Tenemos una obsesión muy marcada con determinados indicadores financieros. Los hemos hecho una parte de nosotros mismos.

 

Por ejemplo: el tipo de cambio nos importa. Si el peso pierde valor frente al dólar nos sentimos vejados, dolidos en nuestro orgullo nacional. Aunque no necesitemos comprar el billete verde, aunque el impacto inflacionario sea todavía contenido, sentimos que nos pegan donde más nos duele.

 

Con el Índice de Precios y Cotizaciones (IPC) de la Bolsa Mexicana de Valores nos pasa lo mismo. Hemos confiado en esta muestra del mercado bursátil la suerte del pronóstico de nuestra economía. Creemos que si sube la bolsa, todos ganamos. Pero si pierde, hay que prepararnos para la crisis.

 

Hay cierta historia en esos sentimientos de simbiosis con esos indicadores.

 

En algún momento en este país se defendía una paridad como parte del escudo nacional, tanto que cuando el peso se devaluaba, en la máxima tribuna del país podíamos ver a un Presidente llorar por no haber podido defender al peso como perro.

 

El crack bursátil de 1987 se llevó entre las patas a muchos villamelones que desde su clase media habían arriesgado, literalmente, todo en el juego de las acciones y lo perdieron.

 

Es verdad que por mucho tiempo el principal indicador bursátil mexicano servía como una especie de termómetro de la economía mexicana. Siempre ligado a la suerte de Estados Unidos permitía tomar el pulso a lo que vendría por delante.

 

Así, cuando la bolsa bajaba, aun en tiempos de aparente bonanza económica, era la señal de que el mercado estaba leyendo señales de baja. Regularmente ocurría así.

 

Lo mismo en sentido contrario.

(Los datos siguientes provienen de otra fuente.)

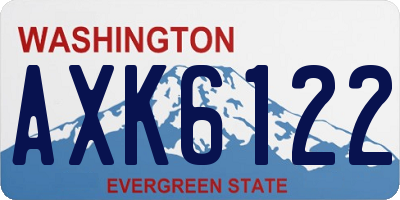 WA license plate AXK6122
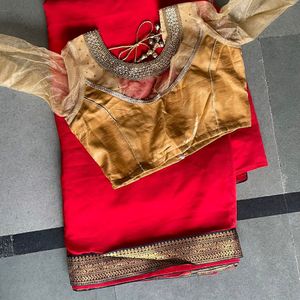 Red Saree With Golden Blouse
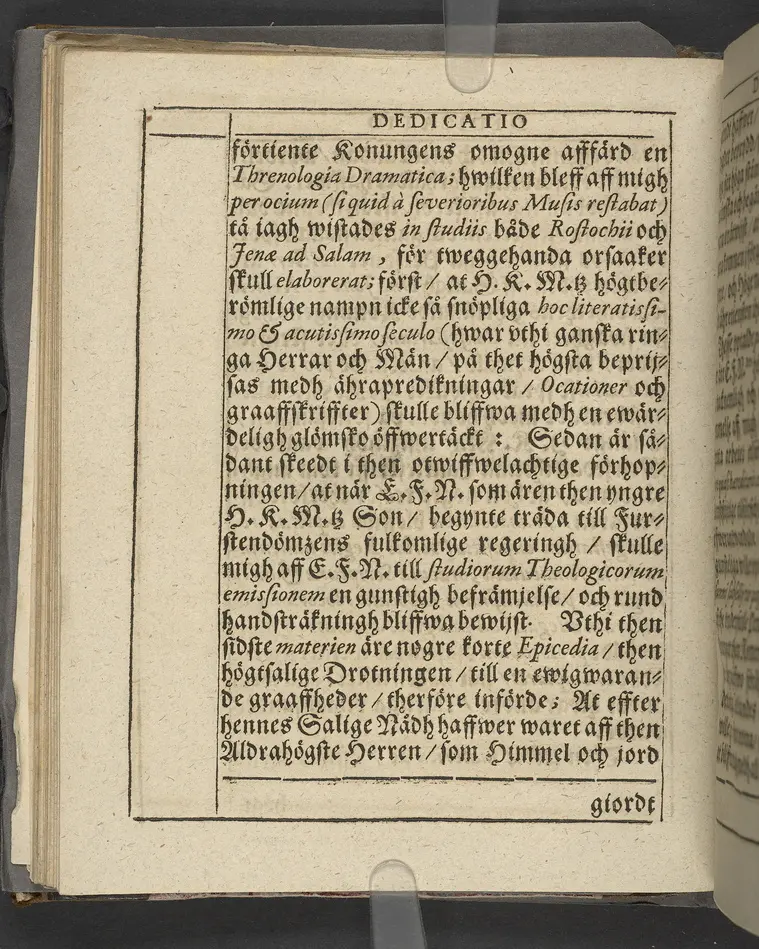 Agon regius, konglige Majesteetz till Swerige etc. H. Johans III... dödzkamp... Anteknat förste gången... på latiniskt språk... Dn. Jona Petri Nericio... Men nu... besmyckiat... medh Threnodia dramatica och... Drotningz Gunilæ epithaphijs... ich en... oration om... konungens... leffwerne... authore, Sylvestro Johan. Phrygio... Holmiæ A.C. 1620.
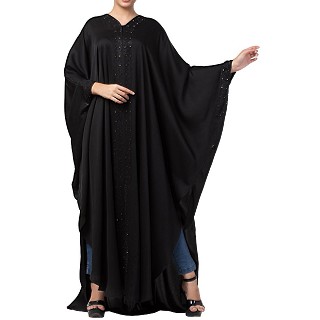 Nida Kaftan abaya with Crystal work- Black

La bolsa, por ejemplo, despegó primero desde los mínimos de 2009 y anticipó la recuperación que llegó para el resto de la economía en los trimestres posteriores.

 

Pero ese papel de anticipación del mercado bursátil se le terminó al IPC cuando a la bolsa mexicana, y a los mercados de todo el mundo, la invadió la excesiva liquidez que usó Estados Unidos para salir de su recesión.

 

Desde entonces y hasta la fecha lo que realmente indican las bolsas del mundo es dónde están los escurridizos capitales.

 

Las bolsas de valores son como el Pokémon GO. La hiperliquidez es como la realidad aumentada de ver pokemones donde realmente no los hay y hacer lo que sea necesario, aunque sea irracional, con tal de capturar esos rendimientos.

 

Los máximos históricos que hemos visto durante estos días recientes en los mercados bursátiles de México y Estados Unidos no son un anticipo de mejores tiempos económicos, aunque, claro está, cuenta la estabilidad de algunos indicadores.

 

Más bien tiene que ver con el tiempo adicional que ganaron los capitales en el regreso a la neutralidad de la política monetaria de Estados Unidos y a las políticas de laxitud de los bancos centrales de Europa y Japón.

 

Capitales mal pagados en los mercados de dinero obvian los riesgos que antes tomaban tanto en cuenta y regresan a las bolsas y a los mercados emergentes. Nada más.